Aim of the task:
Transcribe the entries below without changing a word, and omit every picture.

--- Extracted data Enclosed Below ---

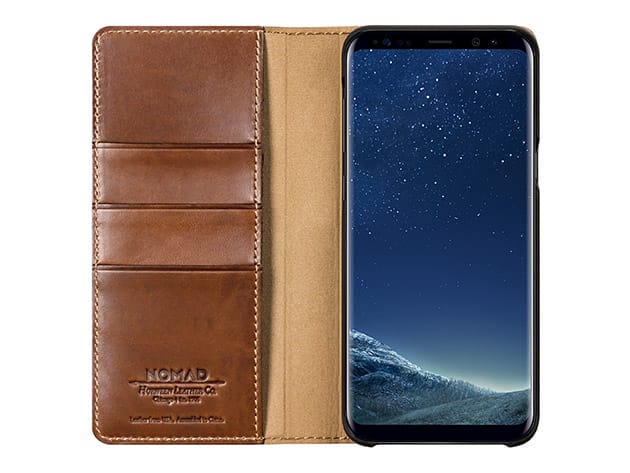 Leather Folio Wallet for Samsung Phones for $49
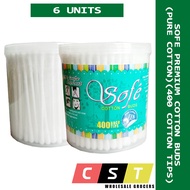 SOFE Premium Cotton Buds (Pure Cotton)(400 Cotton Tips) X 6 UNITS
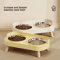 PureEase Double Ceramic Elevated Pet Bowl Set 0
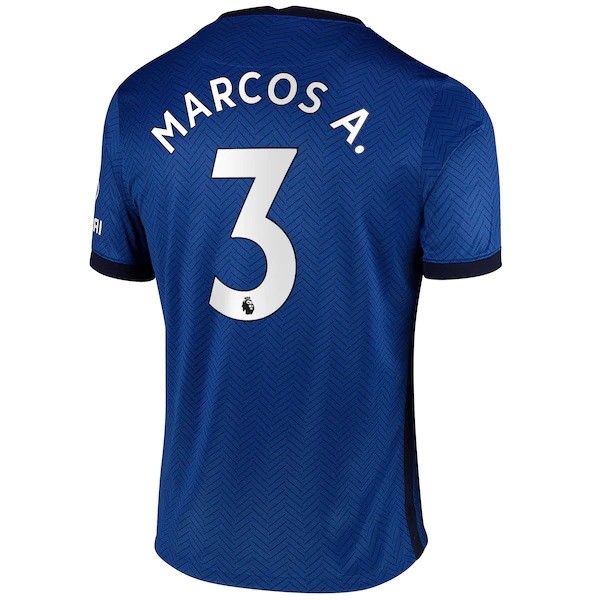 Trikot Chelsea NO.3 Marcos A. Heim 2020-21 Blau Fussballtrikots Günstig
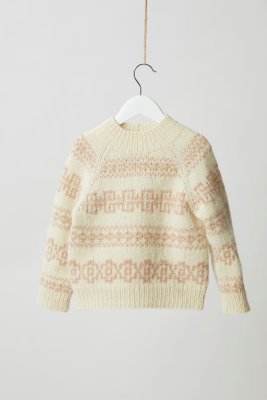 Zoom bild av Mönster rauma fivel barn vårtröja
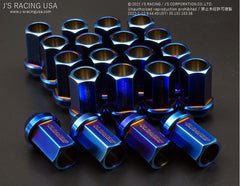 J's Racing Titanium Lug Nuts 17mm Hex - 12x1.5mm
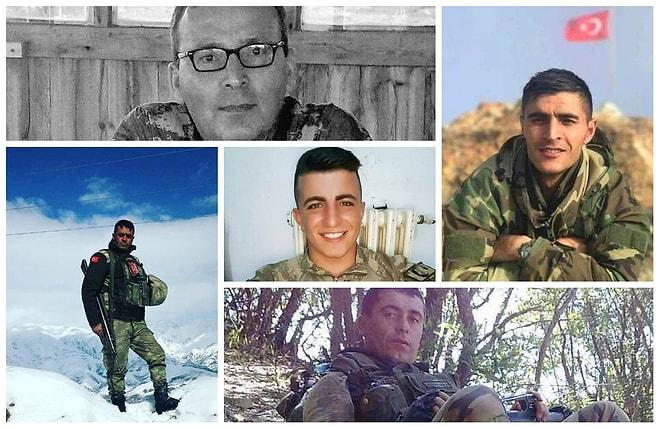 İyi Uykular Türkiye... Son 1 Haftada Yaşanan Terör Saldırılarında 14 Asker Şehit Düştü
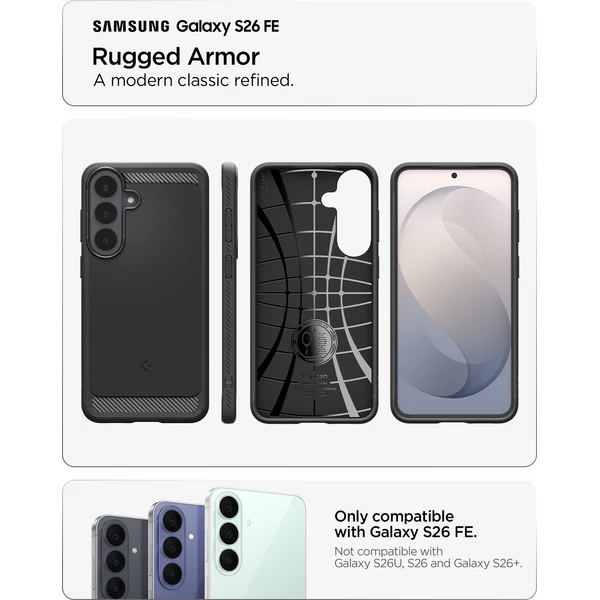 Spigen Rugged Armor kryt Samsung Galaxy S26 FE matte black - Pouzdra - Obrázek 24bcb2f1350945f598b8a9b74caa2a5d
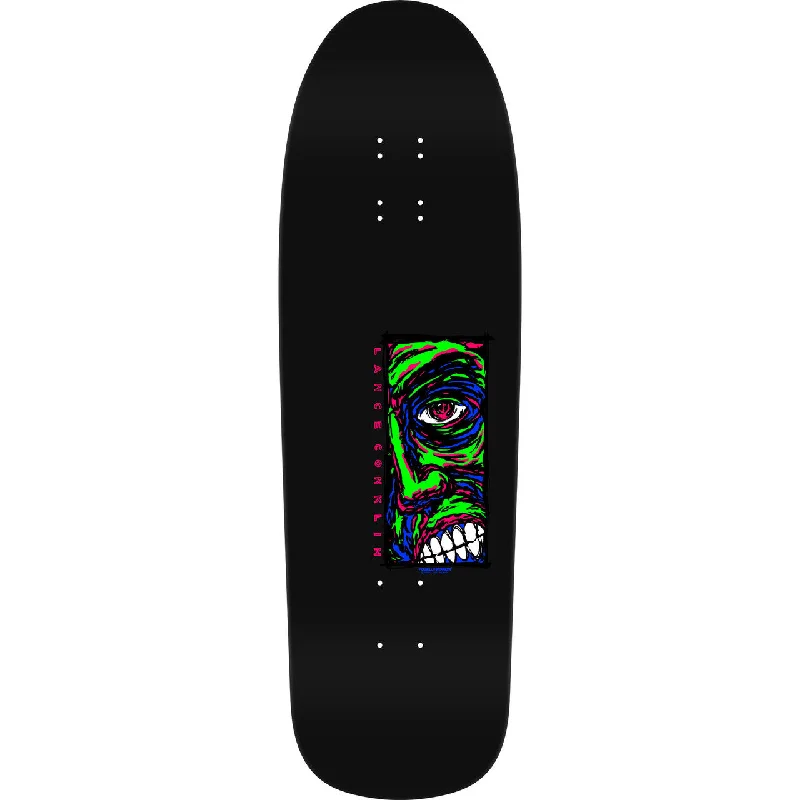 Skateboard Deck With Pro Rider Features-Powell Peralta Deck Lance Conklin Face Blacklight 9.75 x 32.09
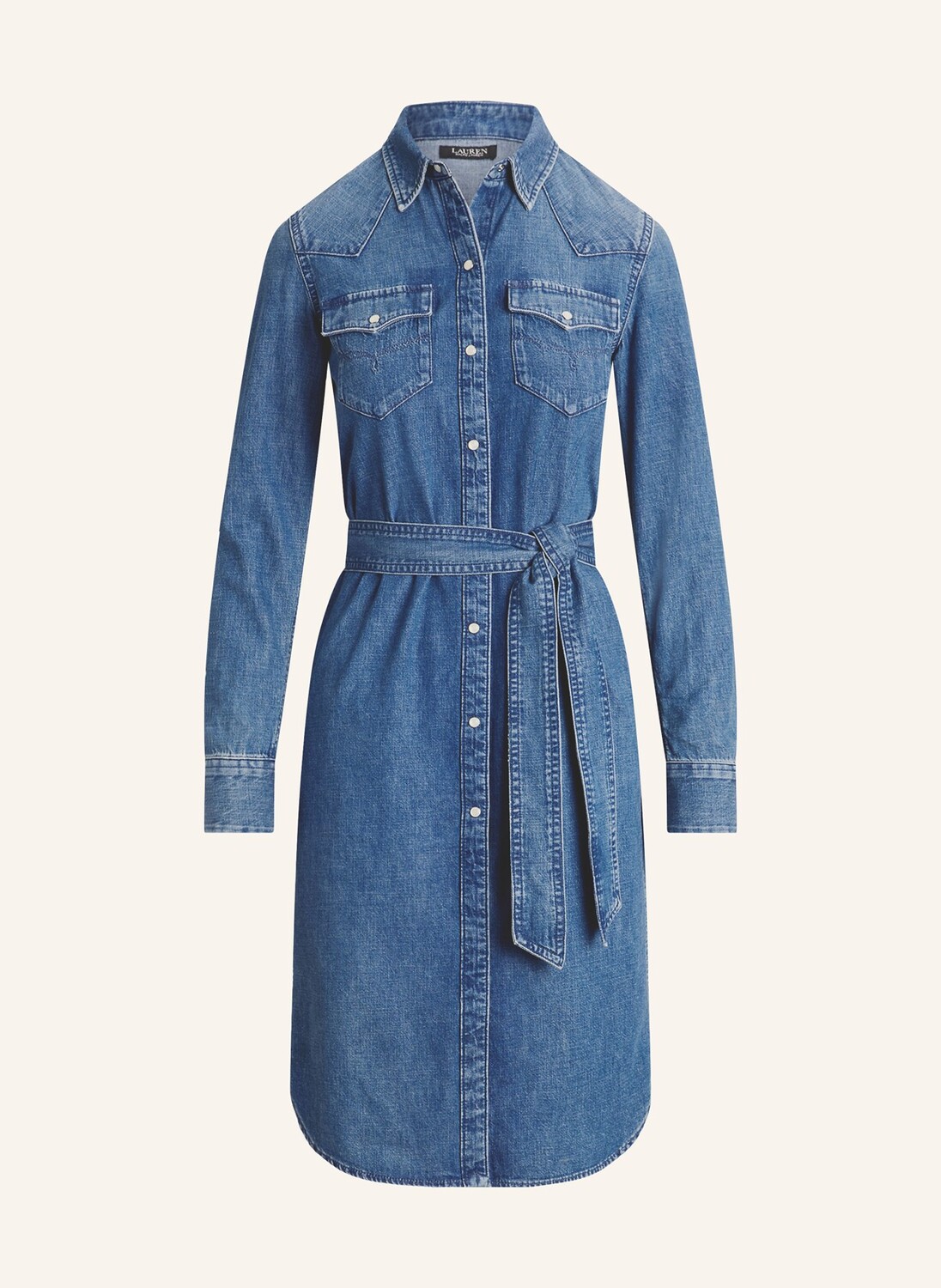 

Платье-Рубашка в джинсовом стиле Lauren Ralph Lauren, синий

--- End of Enclosed Extracted data ---

Response box:
 Leather Folio Wallet for Samsung Phones for $49
 SOFE Premium Cotton Buds (Pure Cotton)(400 Cotton Tips) X 6 UNITS
 PureEase Double Ceramic Elevated Pet Bowl Set 0
 Trikot Chelsea NO.3 Marcos A. Heim 2020-21 Blau Fussballtrikots Günstig
 Zoom bild av Mönster rauma fivel barn vårtröja
 J's Racing Titanium Lug Nuts 17mm Hex - 12x1.5mm
 İyi Uykular Türkiye... Son 1 Haftada Yaşanan Terör Saldırılarında 14 Asker Şehit Düştü
 Spigen Rugged Armor kryt Samsung Galaxy S26 FE matte black - Pouzdra - Obrázek 24bcb2f1350945f598b8a9b74caa2a5d
 Skateboard Deck With Pro Rider Features-Powell Peralta Deck Lance Conklin Face Blacklight 9.75 x 32.09

Платье-Рубашка в джинсовом стиле Lauren Ralph Lauren, синий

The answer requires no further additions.